Olmert’s recent declarations about his determination to go ahead with a withdrawal from the West Bank and his willingness to offer the Palestinians concessions, as well as the surprising ceasefire agreement reached with the Palestinians in Gaza, at a time when everything was pointing to an imminent invasion of the Gaza Strip by the IDF, must be understood in this context. Israel believed that it had a good case for launching a large scale offensive in the Gaza Strip – the tragic deaths of more innocent civilians in Sderot and the western Negev, the injury of one of Amir Peretz’s security guards by a rocket, and the frightening specter of Qassams reaching the town of Ashqelon, add up to a very convincing casus belli. In addition, the past weeks have seen no shortage of ominous pronouncements by officials (e.g. Shin Beth chief Yuval Diskin) about Hamas’s expanding arsenal and of “leaks” by military officers warning of a repeat of the Lebanon war on Israel’s southern front. Nevertheless, suddenly, miraculously, Israel agreed to enter into a ceasefire, and to withdraw IDF forces from the Gaza Strip, which was crawling with special forces and tanks only last week (as the world focused on the Gemayel assassination, the IDF was in the midst of what seemed to be the precursor to an invasion of the Gaza Strip). The launching of additional Qassams hours after the ceasefire came into effect did not draw any military reaction and IDF commanders were even ordered not to respond if they noticed rocket-launching squads in the Gaza Strip.

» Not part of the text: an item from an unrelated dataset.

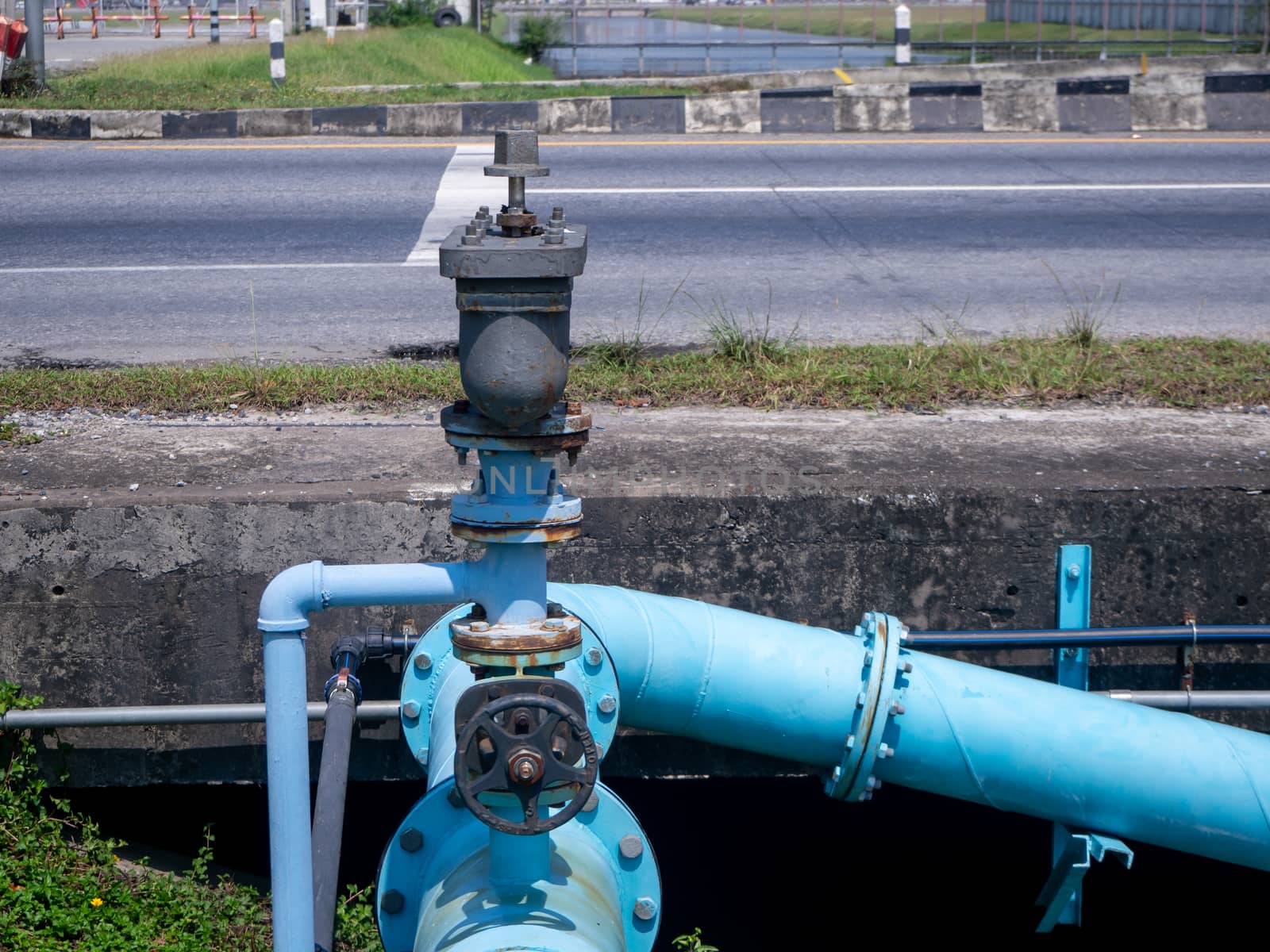 Control knobs for big water blue pipes by shutterbird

The sudden Israeli reversal must be seen as a gesture by Olmert to Bush, who is obviously desperate for some good news. Bush’s other allies, Jordan’s King Abdullah II and Palestinian President Mahmud ‘Abbas did their part by today by congratulating Olmert’s initiative. What remains to be seen is whether the administration’s pending announcement is going to be substantive, or whether it will be just another in a long series of declarations.
Update: The Canada-Israel committee has a transcript of Olmert's policy speech delivered on Monday, November 27 at Sde Boqer (the kibbutz where Ben-Gurion spent his last days and where his grave is today. It's surprising how little attention the speech received. It actually has some very remarkable declarations that are a clear nod to the Bush administration and which recognize America's increasing indebtedness to the Saudis and its other Arab friends:
We will seek the assistance of those neighboring Arab States which strive for a peaceful solution to the conflict between us, including: the Kingdom of Jordan, Egypt, Saudi Arabia and the Gulf States, in order to benefit from their experience and receive backing for direct negotiations between us.

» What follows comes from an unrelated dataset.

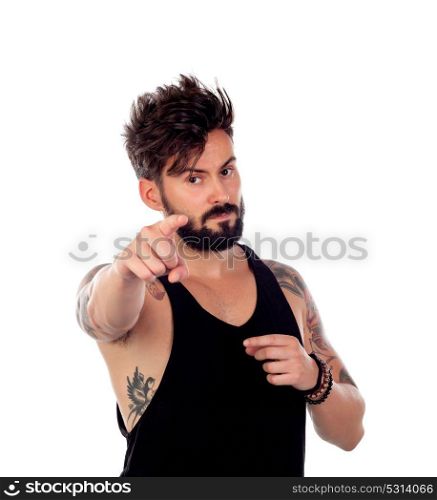Tattooed guy with beard pointing something with his finger isolated on a white background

The voices emanating from those States regarding the need for recognition and normalization of relations with the State of Israel – including, for example, some parts in the Saudi peace initiative – are positive, and I intend to invest efforts in order to advance the connection with those States and strengthen their support of direct bilateral negotiations between us and the Palestinians.
I have been following with great appreciation the serious efforts made by those States to bring about a cessation of violence in the region, and I respect their sincere desire to create a new atmosphere between us, so as to facilitate a solution to the conflict.
It sounds like the Saudi Peace Initiative is being revived. Olmert comes out quite the statesman in this latest speech. He'll continue to be maligned in Israel for his failings during the Lebanon war, but he has redeemed himself, in my view, as a clever diplomat. Rather than pulling a Yitzhaq Shamir and having the State Department impose a plan on Israel, Olmert is being proactive and trying to co-opt the new ideas being floated, while at the same time twisting them to conform to Israeli requirements (note his insistence on "direct bilateral negotiations" between Israel and the Palestinians, rather than multi-lateral Arab-Israel peace negotiations; Israel has always favoured negotiating with different Arab groups and states separately.)